The infrastructure that SCAR was supposed to fix is genuinely old. Ed Baron, senior vice president of space engineering solutions at Parsons, described the current state plainly: the Space Force has operated from the same seven global sites for over 30 years, with an average of 15 to 18 antennas active at any given time. "They operate from the same seven global sites as they did over 30 years ago with an average of 15 to 18 antennas operational at any given time," Baron told SpaceNews. "The current infrastructure is not sufficient to support the projected growth in satellites."
That constraint matters because the problem is getting worse. As the military deploys more satellites into low and medium orbits, each satellite requires brief but frequent contacts with ground stations as it passes overhead. Command-and-control links — unlike payload data — cannot be rerouted through relay networks. They need direct, continuous antenna contact. More satellites means more contacts, and more contacts require more antenna capacity that currently does not exist.

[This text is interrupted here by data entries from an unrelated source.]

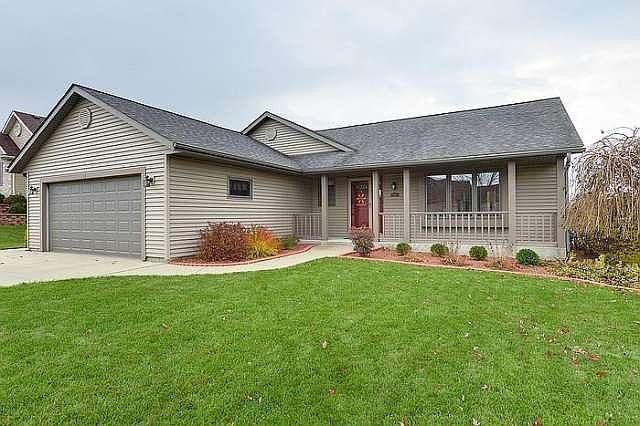 1st image of 316 Emerald Hills Dr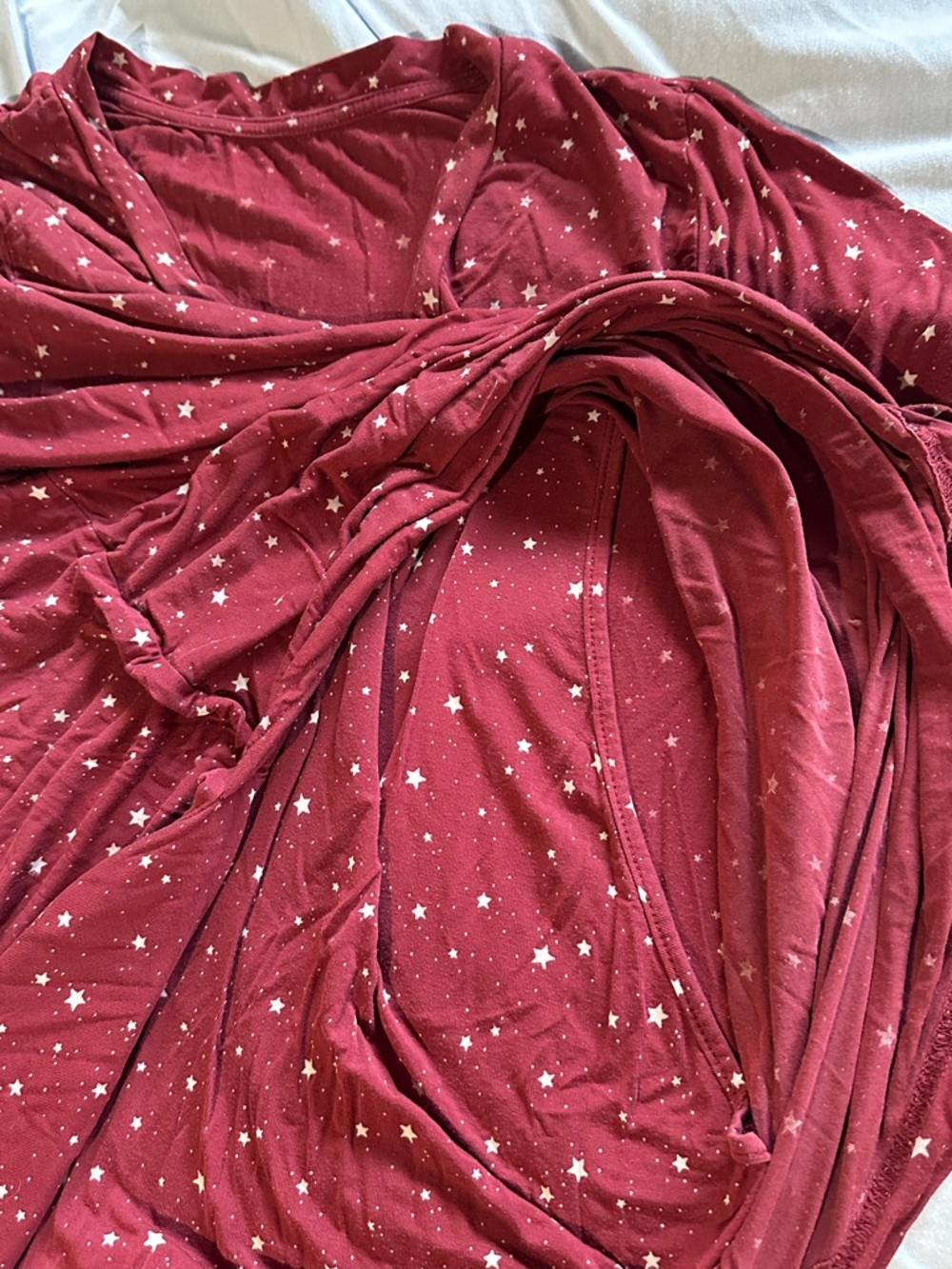 Latched Mama Burgundy Star V-Neck Tunic - Picture 2 of 3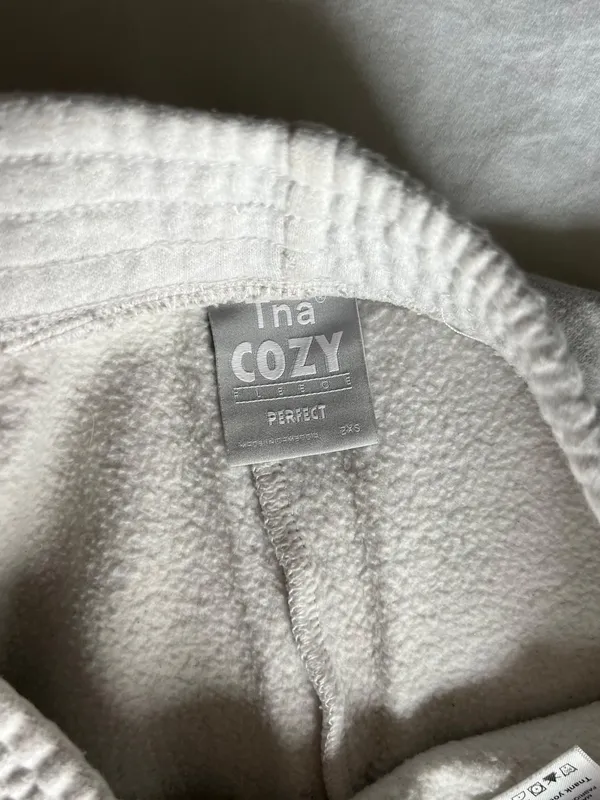 Aritzia Tna Cozy shorts - Image 4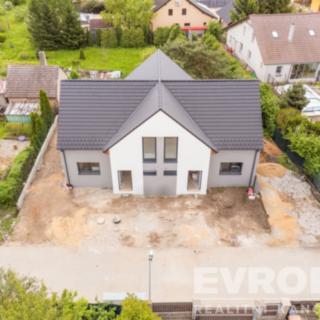 Prodej rodinného domu 129 m² Kostelec nad Labem, Letná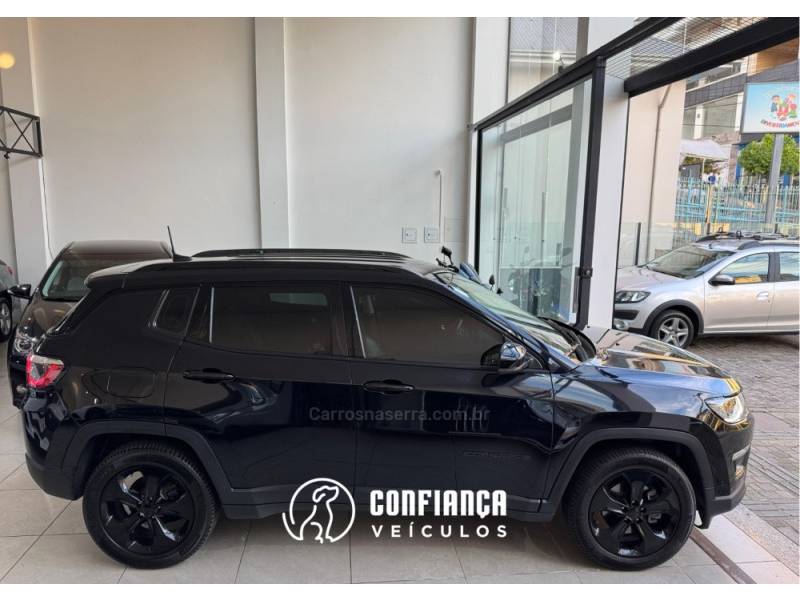 JEEP - COMPASS - 2021/2021 - Preta - R$ 114.900,00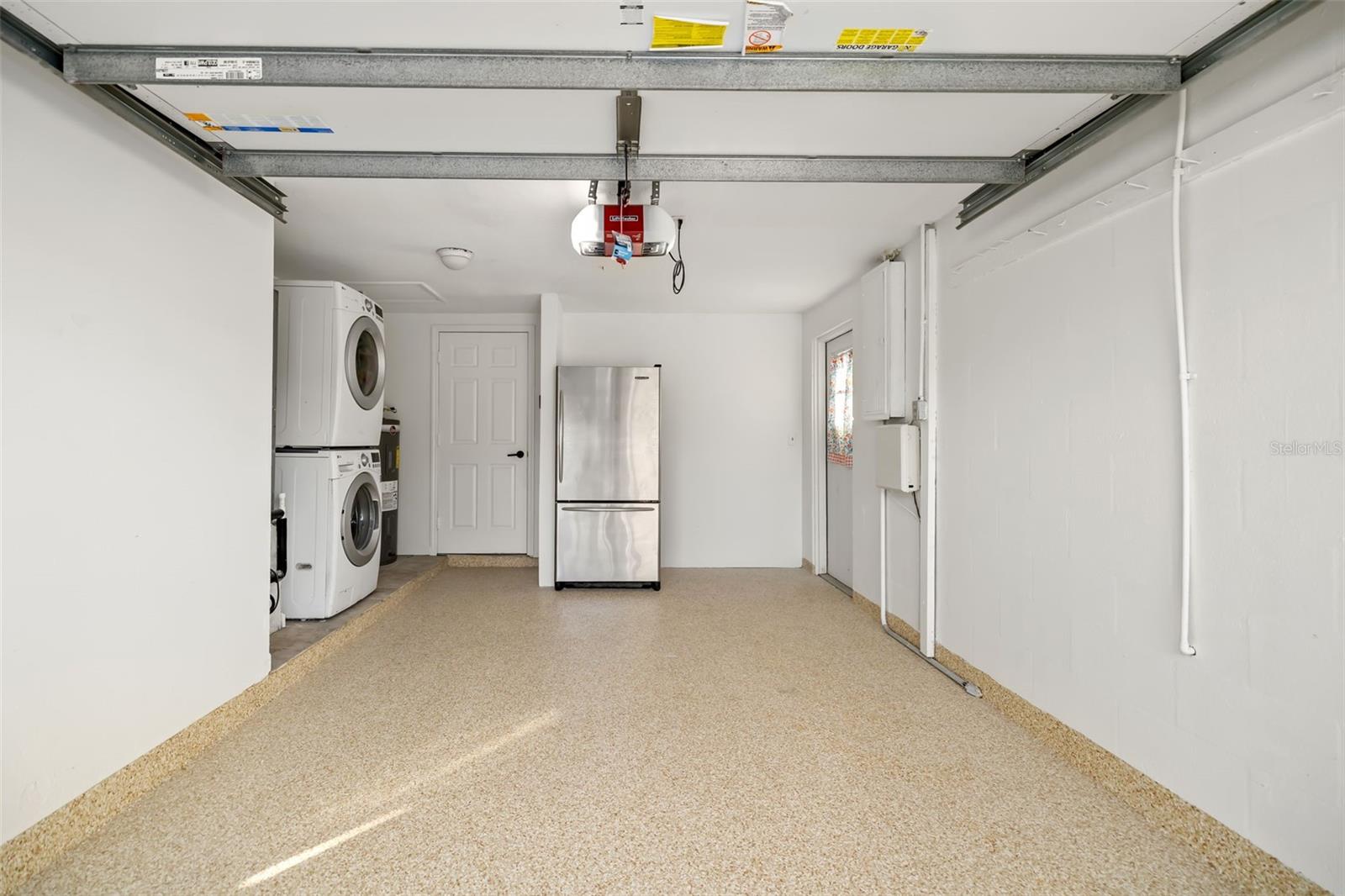 BEE RIDGE TOWN OF TOWNSITE - Residential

Christopher Patscheck, chief executive of Raven Defense, described SPARTAN as a middle path. "Not everyone can afford hundreds of millions of dollars for a large scale multi-beam phased array," he said. "And not everyone wants the legacy parabolic systems." Raven currently produces between 20 and 50 six-meter antennas per year and is also developing larger phased-array systems.
The hybrid design also creates a potential retrofit market. By swapping only the feed on an existing legacy dish with a phased-array system, operators could increase antenna capacity without building new ground stations entirely. That matters both for cost and for speed of deployment.
Parsons says the platform can scale beyond six meters for missions in geosynchronous and cislunar orbits, and is targeting international customers alongside U.S. defense users. Baron also noted a resilience argument for the proliferated approach: fixed, high-value ground stations become targeting opportunities in a conflict. "A proliferated ground antenna architecture is a much better approach," he said.
The Space Force's plan is now to recompete SCAR requirements as an open competition focused on commercial systems across multiple frequency bands and sizes. AeroVironment CEO Wahid Nawabi told investors his company intends to recompete with an adapted version of the BADGER design and claimed a "3 to 3.5-year head start on all competitors." Whether that lead survives an open commercial competition remains to be seen.